L'histoire intérieure de la Cour est aisée à suivre, année par année, Luynes, Bernis et Croy pouvant être interrogés avec confiance. Mais j'ai utilisé aussi, pour les événements de Fontenoy et le séjour de Choisy, les Souvenirs du comte de Tressan, réunis par son arrière-petit-neveu, Versailles, 1897 ; pour le mariage de Saxe, le livre du comte Vitzthum d'Eckstædt sur Maurice, comte de Saxe, et Marie-Josèphe de Saxe, Leipzig, 1867, celui du duc de Broglie sur Maurice de Saxe et le marquis d'Argenson, Paris, 1891, et surtout l'important ouvrage de M. Casimir Stryienski, La mère des trois derniers Bourbons, Paris, 1901 ; pour les caractères de la Cour, les Souvenirs du marquis de Valfons, Paris, 1860, les Mémoires de J.-N. Dufort, comte de Cheverny, introducteur des ambassadeurs, publiés par R. de Crèvecœur, Paris, 1886, Les Correspondances des agents diplomatiques étrangers en France, par J. Flammermont, Paris, 1896, les lettres citées par M. Henri Léonardon dans une étude sur le premier mariage du Dauphin, Versailles, 1900. Enfin, je dois à l'obligeante amitié de M. le duc de Fezensac le curieux témoignage sur les idées religieuses de Louis XV, tiré des papiers inédits de l'abbé de Montesquiou.

Pour l'état de l'opinion à Paris, j'ai consulté avec profit le tome II des Lettres de M. de Marville, lieutenant général de police, au ministre Maurepas, publiées par M. A. de Boislisle, Paris, 1903, et les lettres de Raynal, dans la Correspondance littéraire éditée par M. Tourneux.

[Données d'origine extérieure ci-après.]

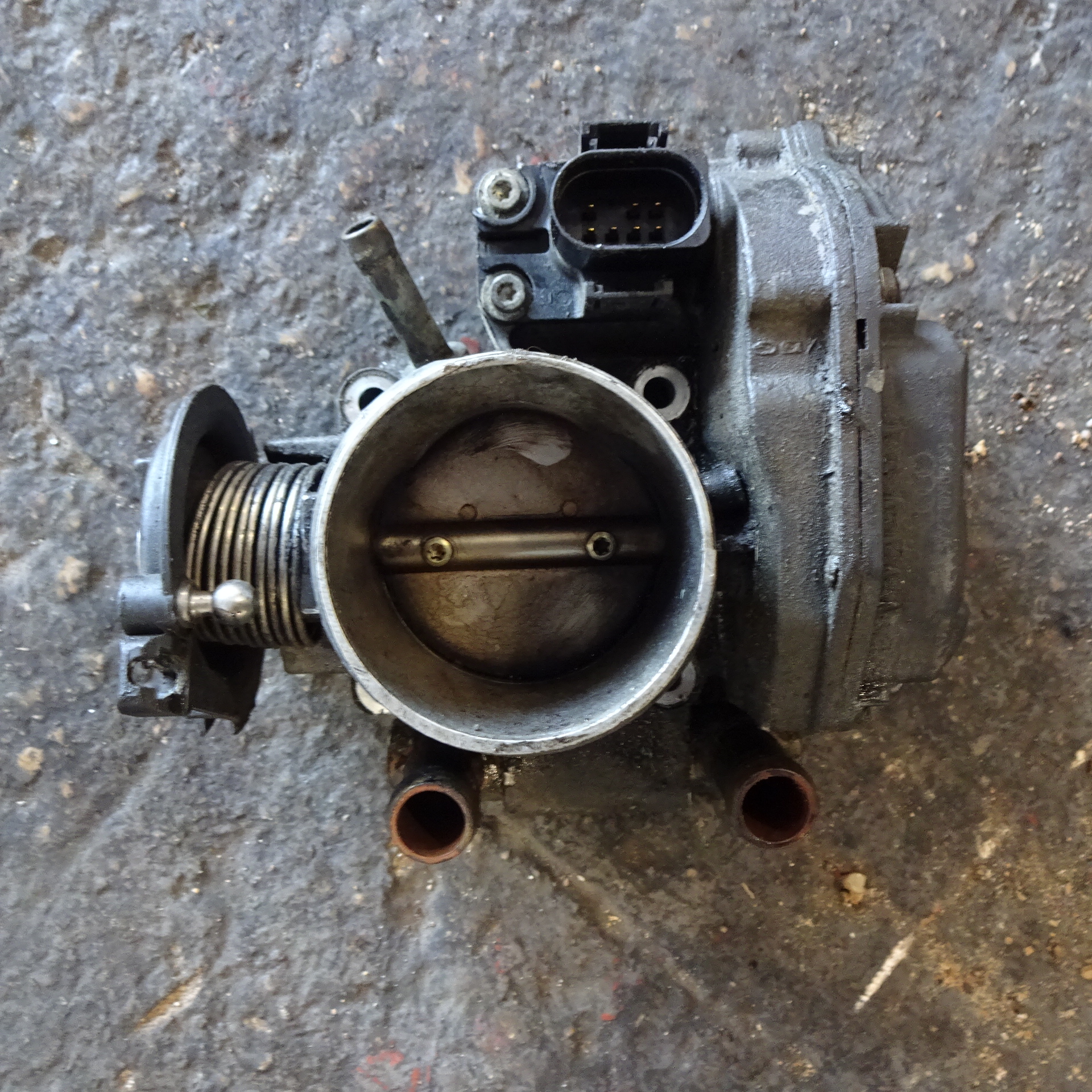 Πεταλούδα Γκαζιού Audi A4 ’00 Προσφορά.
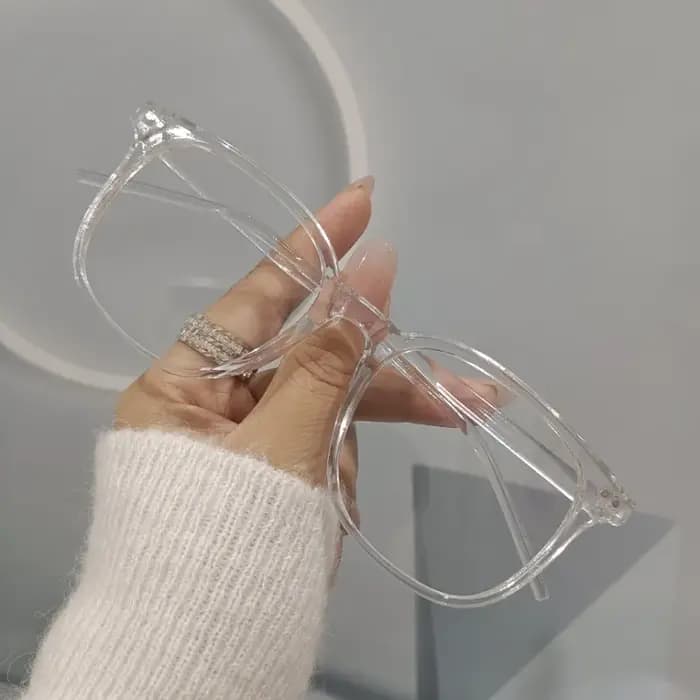 Lunettes à monture carrée minimaliste avec verres transparents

Pour la vie secrète du Roi, l'ouvrage si abondamment documenté du comte Fleury, Louis XV intime et les petites maîtresses, Paris, 1899, m'évite d'appuyer sur certains détails de mon sujet ; le lecteur informé notera aisément nos divergences. Sur les questions d'art et d'ameublement, je me suis servi du Livre-Journal de Lazare Duvaux et de l'introduction de Courajod, du François Boucher de M. André Michel, Paris, 1889, et du précieux Inventaire des tableaux commandés et achetés par la Direction des Bâtiments du Roi (1709-1792), rédigé par M. Fernand Engerand, Paris, 1900 ; enfin, pour les intérieurs royaux et les travaux du service des Bâtiments, j'ai repris quelques indications dans un livre intitulé Le Château de Versailles sous Louis XV, Paris, 1898, où se trouve notamment identifié l'emplacement de l'appartement d'en haut.

Les principaux documents d'art se rapportant à la première partie de la vie de la marquise ont été reproduits dans l'édition originale de ce livre, donnée par la maison Goupil. On y trouvera aussi quelques indications de sources, qu'il a semblé inutile de mentionner à nouveau. Plusieurs questions à peine touchées ici, où elles ne pouvaient avoir une suffisante place, seront reprises dans un ouvrage spécial sur Madame de Pompadour et les Arts.